A sheep in Wolfie’s clothing

A sheep in Wolfie’s clothing

: For his column today, David Brooks may lose his title as the conservatives liberals like to like for his column today — and by agreeing with him, I will only solidify my title as the liberal liberals like to dislike:

Let us now praise Paul Wolfowitz. Let us now take another look at the man who has pursued – longer and more forcefully than almost anyone else – the supposedly utopian notion that people across the Muslim world might actually hunger for freedom.

Let us look again at the man who’s been vilified by Michael Moore and the rest of the infantile left, who’s been condescended to by the people who consider themselves foreign policy grown-ups, and who has become the focus of much anti-Semitism in the world today – the center of a zillion Zionist conspiracy theories, and a hundred zillion clever-Jew-behind-the-scenes calumnies.

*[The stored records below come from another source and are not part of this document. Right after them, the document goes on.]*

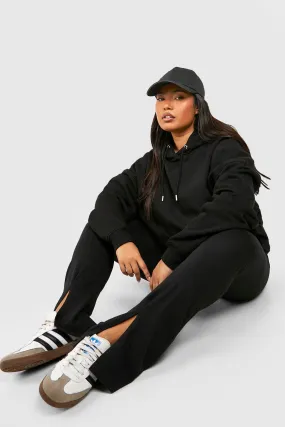 Tracksuits | Plus Blouson Sleeve Hoodie Legging Set | boohoo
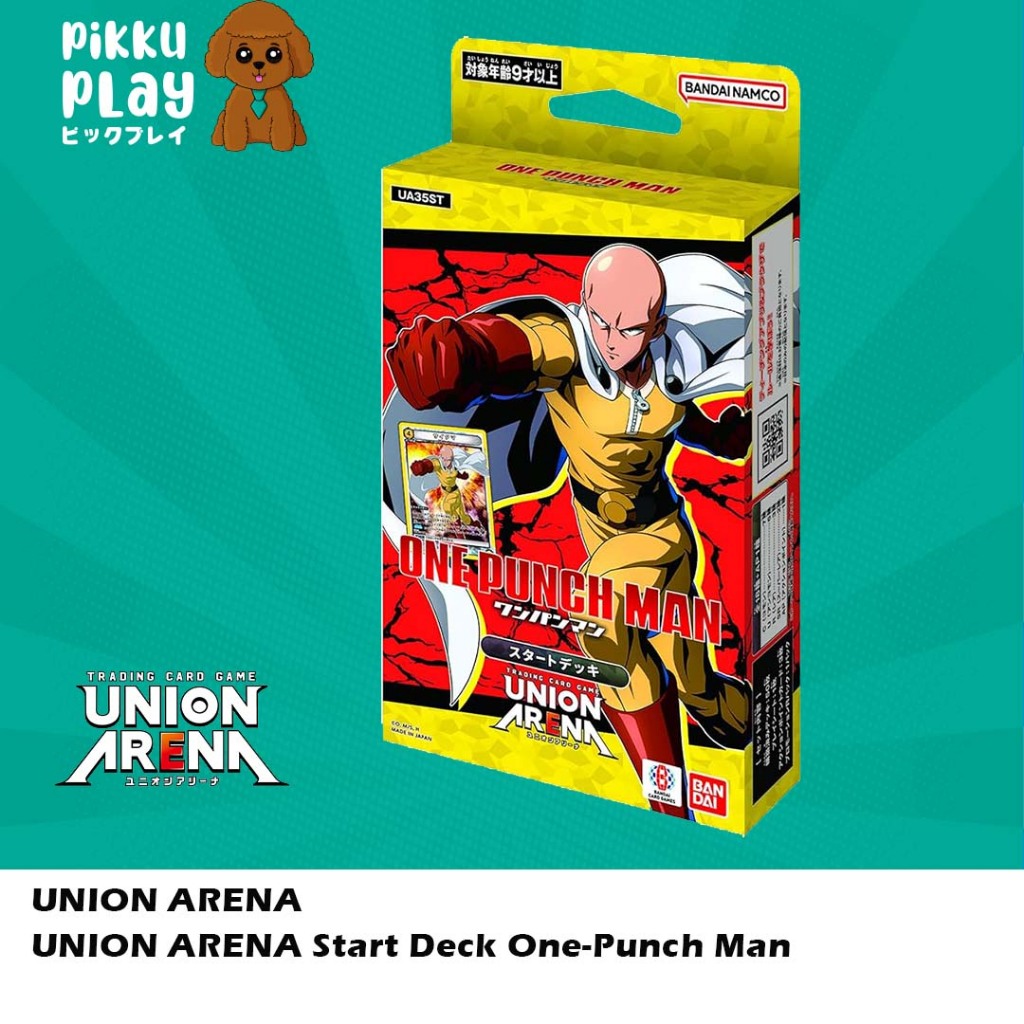 เด็คสตาร์ท UNION ARENA One-Punch Man
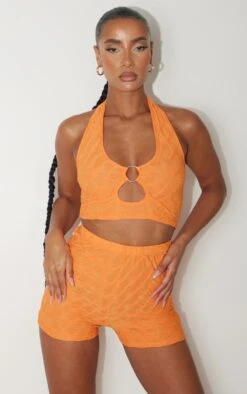 Mini Short Texturé Orange -Pas Cher Tendance Charme Magasin 449c50a80e155aaa580a42dcac585918abfbddce cmy5393 4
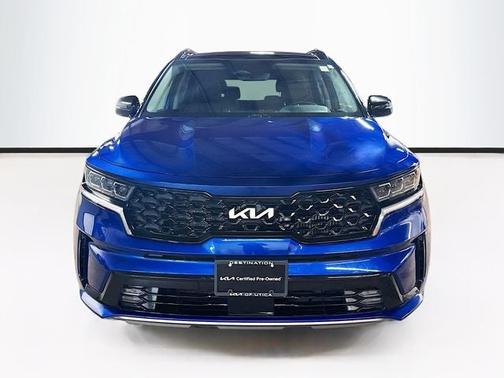 Sapphire Blue 2023 Kia Sorento SX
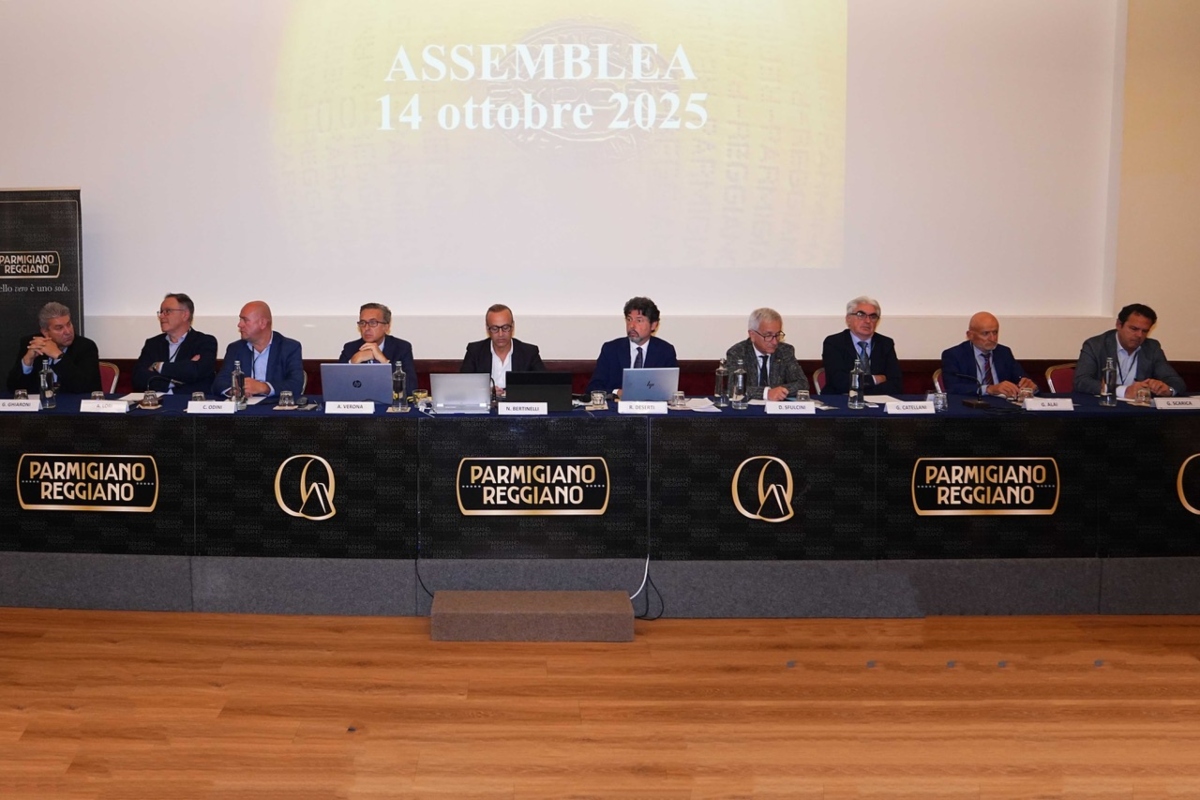 Assemblea consorziati Parmigiano Reggiano (14 ottobre 2025)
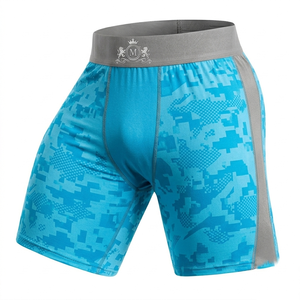 T-shirt de compression à manches longues pour homme, imprimé par sublimation, séchage rapide, haut de sport - Product Image 5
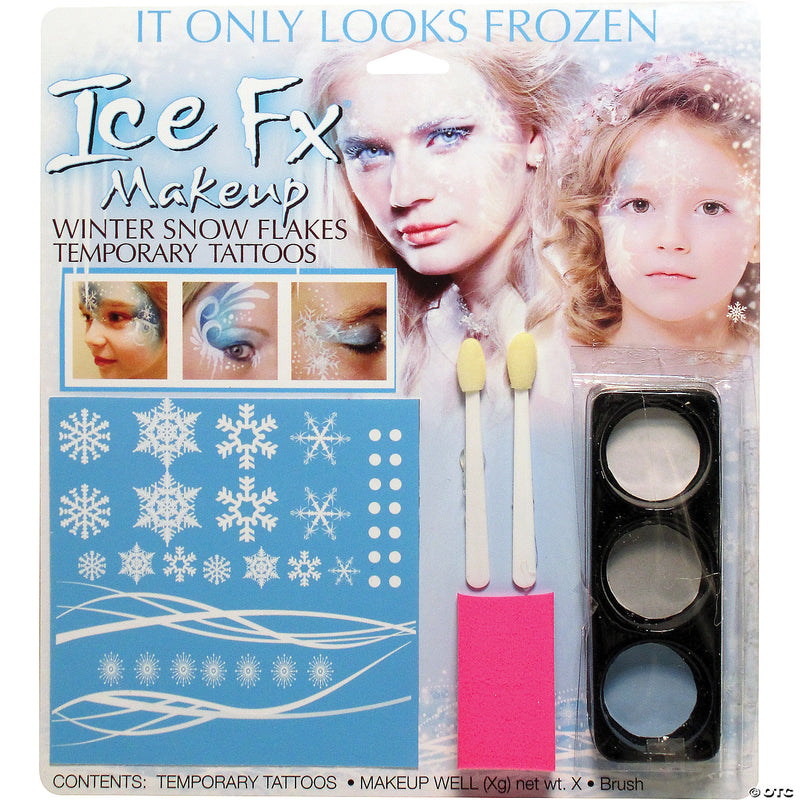 Snow Flake Make Up Kit - image 1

It’s not necessary to absolve Wolfowitz of all sin or to neglect the postwar screw-ups in Iraq. Historians will figure out who was responsible for what, and Wolfowitz will probably come in for his share of the blame. But with political earthquakes now shaking the Arab world, it’s time to step back and observe that over the course of his long career – in the Philippines, in Indonesia, in Central and Eastern Europe, and now in the Middle East – Wolfowitz has always been an ardent champion of freedom….

His faith in people probably led to some of the mistakes in Iraq. But with change burbling in Beirut, with many young people proudly hoisting the Lebanese flag (in a country that was once a symbol of tribal factionalism), it’s time to take a look at this guy again.

If we liberals were smart, we’d be coopting the issue of freedom and human rights — the way that conservatives coopted it from us… and the way the Bill Clinton coopted fiscal responsibility from conservatives.

Agree or disagree about how we got here. Agree or disagree about what comes next (read Brooks’ column: even Wolfowitz says that Iraq must be the military exception). I don’t even care if you don’t want to give credit to Wolfowitz and Bush; I just don’t want to see the fruits of their strategy rejected just because it is their strategy.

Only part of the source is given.